もちろん起業家側にはオファーを断る権利があります。希望とは違ったり複数オファーがあり考える時間が欲しい場合は、 Can I talk to the wall? (後ろの壁に向かうから) とか We need to confer などと言って少し時間をもらうことができます。稀にドラゴン全員から投資オファーがある場合もあります。

面白いのは、「え、こんなビジネスに投資しちゃうの?」という意外性やドラゴン同士の競争です。

プレゼンテーションが上手い人はすごく勉強になります。質問に対する答え方、声のトーン、マナリズムなど。相当な準備をして臨んでいることがわかります。

反対に、基本的な数字を把握してこない人、根拠のない営業数字出す人、実は自分は数%しか持分はなく影に本当のビジネスオーナーがいてその名前はdiscloseできない人もいます。投資のプロであるドラゴン達に怪しいところを見抜かれボロクソ言われる人、いいオファーなのに強気に出てドラゴンとの駆け引きに失敗する人など、色々です。

まあ empty-handed で終わったとしても番組を見ていた他の投資家からの思わぬフォアーがあるかもしれないし、いいビジネスの宣伝ですね。効果は絶大です。

公式サイト
現ドラゴンの中ではDeborahがお気に入りです。


観れるエピソードはYouTube上に沢山あリます。ビジネスアイディア欲しい人やスタートアップに興味がある人にもオススメです。

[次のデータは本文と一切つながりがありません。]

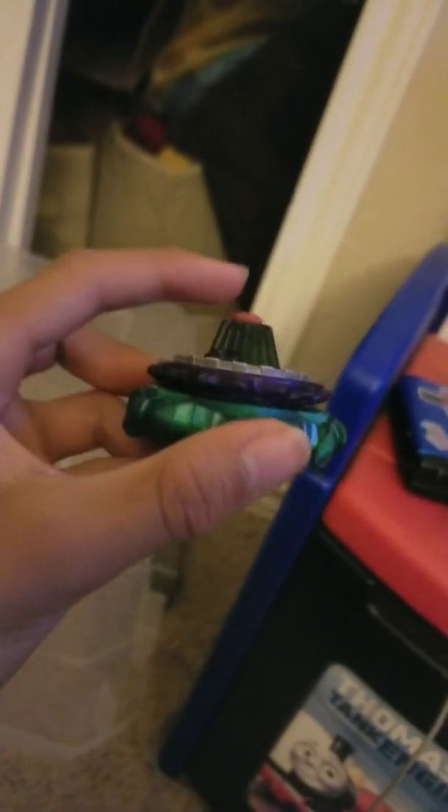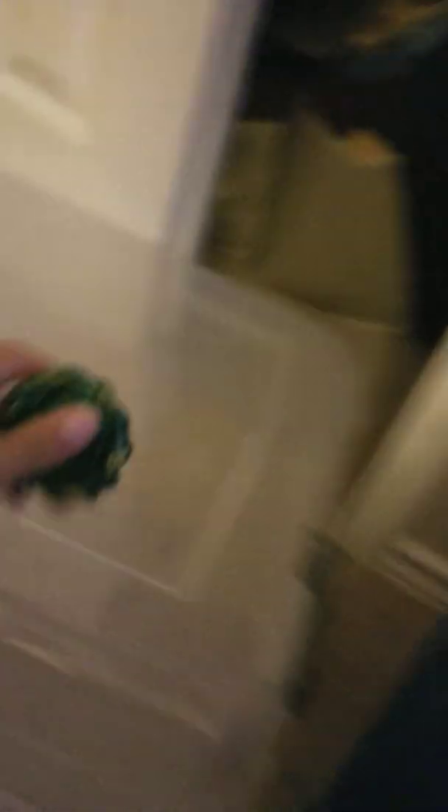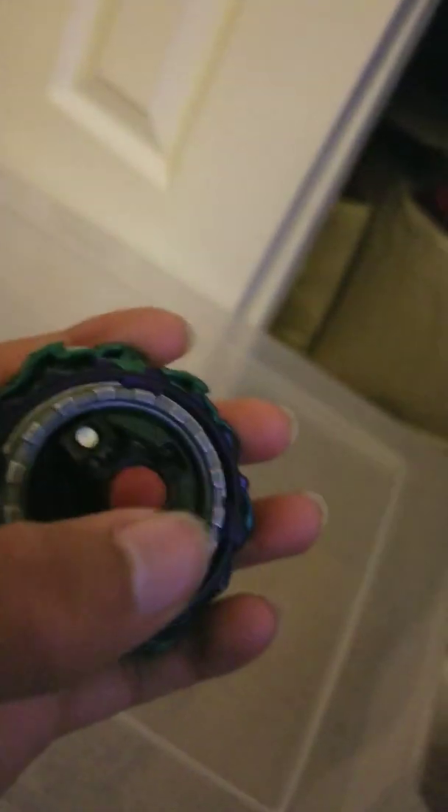It doesn't look like it that much — looks like it's just regular. But if you can pay attention, it's actually gotten lower than before, see? And when I was battling and playing, looking at Ashura, I realized that the rubber had like little flakes, so I started to try to worn it out, and this is how far it has done.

やちなみに、アメリカではShart Tankというアメリカ版 『マネーの虎』が放映されています。こちらはシリアスなDragons’ Denと違いアメリカらしい楽しい雰囲気です。

イギリス英語の勉強はTVを上手く使って

エピソードはYouTubeで検索すればたくさん出てきます。起業家のプレゼンの上手い下手に関わらず数多く観れば観るだけ英語の勉強になります。ただ、みな話すスピードが早いです。数字も沢山で出てくるので初めは難しく感じるかもしれません。(中級レベル〜)

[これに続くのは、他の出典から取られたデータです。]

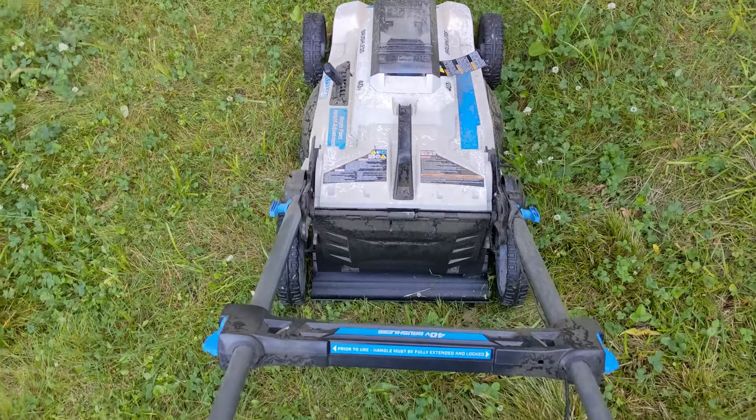If you are still having problems with your Hart electric lawn mower and need help, leave a comment below and I'll try to find a solution. If this video was helpful to you, please give it a like and don't forget to subscribe for more awesome tutorials and random videos like this one. Thank you for watching and have an awesome day.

でもご安心を。YouTubeの字幕機能があります。英語字幕付きのエピソードを探してください。字幕が見れない動画もありますが、その場合は動画のスピードを調整して遅め設定で繰り返し聞けばいいです。(ごく最近私はこのYouTubeの字幕機能に気がつきました。 今までは聞き取れなかった箇所を何度も何度も繰り返し観ていました。悲) 

アメリカ英語を聴き慣れてしまっている日本人にとっては、イギリス英語は聞き取りにくく感じるかもしれません。始めは内容の理解よりもイギリス特有のイントネーションやフレーズに耳を鳴らしていくつもりでいいと思います。

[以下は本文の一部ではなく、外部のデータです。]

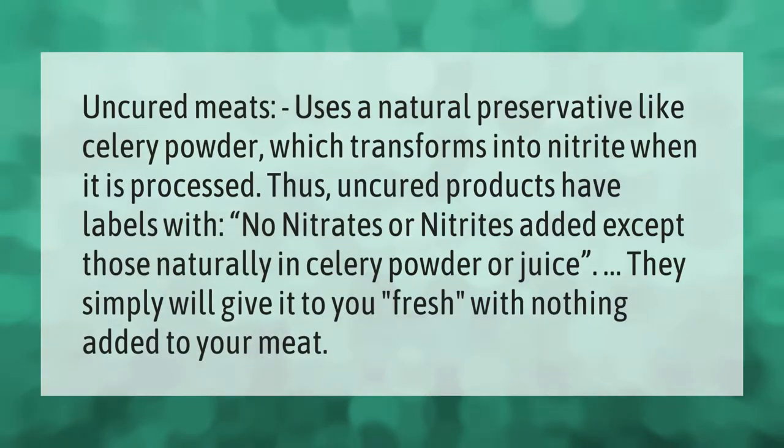Uncured meats use a natural preservative like celery powder, which transforms into nitrite when it is processed. Thus, uncured products have labels with 'no nitrates or nitrites added, except those naturally in celery powder or juice.' They simply give it to you fresh with nothing added to your meat.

ドラマとは違う本当の「生きた英語」を聞けるいい番組だと思います。

知っておくと便利なビジネス英単語

  • in return for / in exchange for =「引き換えに、見返りとして」。ほぼ全部のエピソードで聞きます。
  • a pitch = 売り込み
  • equity shares 株式の持分
  • revenue 収益。 revenueはsales以外の収入を含むこともあり。例えば代理店からの収入や不動産収入など
  • turnover =こちらも「収益 」の意。イギリスで使われる単語。
  • sales = 売上高
  • profit = 利益
  • gross とnet
  • gross profit = 総利益 (単純に売上から仕入れ/経費を引いた利益。日本では粗利益とも言う。
  • net profit = 純利益 (利益から利息や税金などを引いた最終的な利益)
  • cost とexpense = 費用、経費の意。損益計算書と貸借対照表により使う言葉が違う。
  • be hefty =  big
  • to have legs = 永続性がある if the business has legs, it can be successful.